Independent parallel production of tunable blood clot analogues in hourglass-profiled circular PDMS fluidic channels
Abstract
Rapid removal of occluding blood clots, whether by intravenous thrombolysis or endovascular thrombectomy, can be life-saving. Yet recanalization is not always successful, and the determinants remain incompletely understood. Thrombi exhibit heterogeneous compositions, while clinical samples and animal models are costly, variable, and often lack reproducibility. To address these challenges, we present a blood clot analogue production system capable of generating tunable clot analogues in parallel under precisely regulated flow and calcium ion conditions. The platform integrates one or multiple pressure-controlled fluidic loops operating independently with a single pump and multiple hourglass-profiled circular devices fabricated from poly(dimethylsiloxane) (PDMS), a gas-permeable material that replicates vascular occlusion hemodynamics. Using this system, clot analogues measuring approximately 0.8 cm to over 2.5 cm in length were generated, displaying heterogeneous upstream-constriction-downstream architectures in which the red blood cell (RBC)fibrin fraction could be tuned between 23% and 76%, closely mirroring clinical thrombi.. Composition was modulated through recalcification under various CaCl₂ concentrations (1.8-16.5 mM) and shear rates (10⁴-10⁶ s⁻¹). At higher Ca²⁺ levels (≥6.6 mM), compact RBC-fibrin-dominated clots formed rapidly (<10 minutes), displaying laminar "Zahn line" structures.
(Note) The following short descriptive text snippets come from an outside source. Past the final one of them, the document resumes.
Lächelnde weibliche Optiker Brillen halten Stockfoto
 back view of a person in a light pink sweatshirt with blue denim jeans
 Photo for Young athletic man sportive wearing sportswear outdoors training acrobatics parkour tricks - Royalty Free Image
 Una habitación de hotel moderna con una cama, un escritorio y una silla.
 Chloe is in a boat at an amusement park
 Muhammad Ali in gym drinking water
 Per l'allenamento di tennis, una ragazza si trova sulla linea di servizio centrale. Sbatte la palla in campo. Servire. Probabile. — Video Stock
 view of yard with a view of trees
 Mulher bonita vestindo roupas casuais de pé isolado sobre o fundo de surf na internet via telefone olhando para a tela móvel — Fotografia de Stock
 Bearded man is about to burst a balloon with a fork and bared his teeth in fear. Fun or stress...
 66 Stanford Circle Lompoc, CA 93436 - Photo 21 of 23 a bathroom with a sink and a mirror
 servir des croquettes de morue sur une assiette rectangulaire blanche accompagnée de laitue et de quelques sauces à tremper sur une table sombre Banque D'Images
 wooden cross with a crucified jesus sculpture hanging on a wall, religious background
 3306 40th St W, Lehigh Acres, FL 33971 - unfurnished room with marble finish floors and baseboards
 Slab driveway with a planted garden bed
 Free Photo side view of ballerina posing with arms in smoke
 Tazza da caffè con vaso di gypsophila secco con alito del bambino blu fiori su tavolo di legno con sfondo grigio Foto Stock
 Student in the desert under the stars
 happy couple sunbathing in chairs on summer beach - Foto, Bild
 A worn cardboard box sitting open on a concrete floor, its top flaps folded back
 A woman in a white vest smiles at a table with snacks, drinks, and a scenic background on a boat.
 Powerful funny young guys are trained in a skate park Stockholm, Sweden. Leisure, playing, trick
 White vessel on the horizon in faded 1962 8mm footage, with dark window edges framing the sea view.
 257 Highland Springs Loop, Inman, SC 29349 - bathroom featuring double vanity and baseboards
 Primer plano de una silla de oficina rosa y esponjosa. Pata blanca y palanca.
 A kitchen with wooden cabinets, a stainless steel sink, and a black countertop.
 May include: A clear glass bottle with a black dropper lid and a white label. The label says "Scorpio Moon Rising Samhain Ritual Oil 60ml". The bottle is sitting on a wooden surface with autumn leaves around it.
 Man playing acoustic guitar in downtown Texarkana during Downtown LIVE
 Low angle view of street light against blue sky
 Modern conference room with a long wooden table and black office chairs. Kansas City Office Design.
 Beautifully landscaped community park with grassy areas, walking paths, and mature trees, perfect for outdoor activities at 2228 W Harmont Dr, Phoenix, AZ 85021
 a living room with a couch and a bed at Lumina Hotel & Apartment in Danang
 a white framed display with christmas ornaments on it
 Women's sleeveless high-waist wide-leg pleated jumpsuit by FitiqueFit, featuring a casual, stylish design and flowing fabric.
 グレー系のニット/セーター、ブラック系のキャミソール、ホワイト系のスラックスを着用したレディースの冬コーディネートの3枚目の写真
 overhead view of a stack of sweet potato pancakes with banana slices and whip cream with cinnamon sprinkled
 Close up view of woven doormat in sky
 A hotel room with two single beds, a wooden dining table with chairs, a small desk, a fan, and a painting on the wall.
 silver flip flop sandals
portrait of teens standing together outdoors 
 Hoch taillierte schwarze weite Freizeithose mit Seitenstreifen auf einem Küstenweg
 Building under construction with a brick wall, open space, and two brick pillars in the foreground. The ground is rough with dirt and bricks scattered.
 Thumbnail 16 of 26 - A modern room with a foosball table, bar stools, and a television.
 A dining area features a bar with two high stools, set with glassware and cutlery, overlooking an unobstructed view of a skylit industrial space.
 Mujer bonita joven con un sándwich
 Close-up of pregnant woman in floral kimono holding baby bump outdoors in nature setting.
In contrast, lower Ca²⁺ conditions (1.8-2.3 mM) delayed occlusion (>40 minutes) and yielded diffuse neutrophil extracellular trap (NET)-platelet networks. The system operates stably for >1,000 minutes with recirculating blood, ensuring reproducibility and cost-effectiveness while reducing reliance on animal thrombosis models in accordance with the 3R (Replacement, Reduction, Refinement) principles. Collectively, this platform provides a controllable, ethically responsible, and physiologically relevant model for thrombogenesis and thrombectomy research.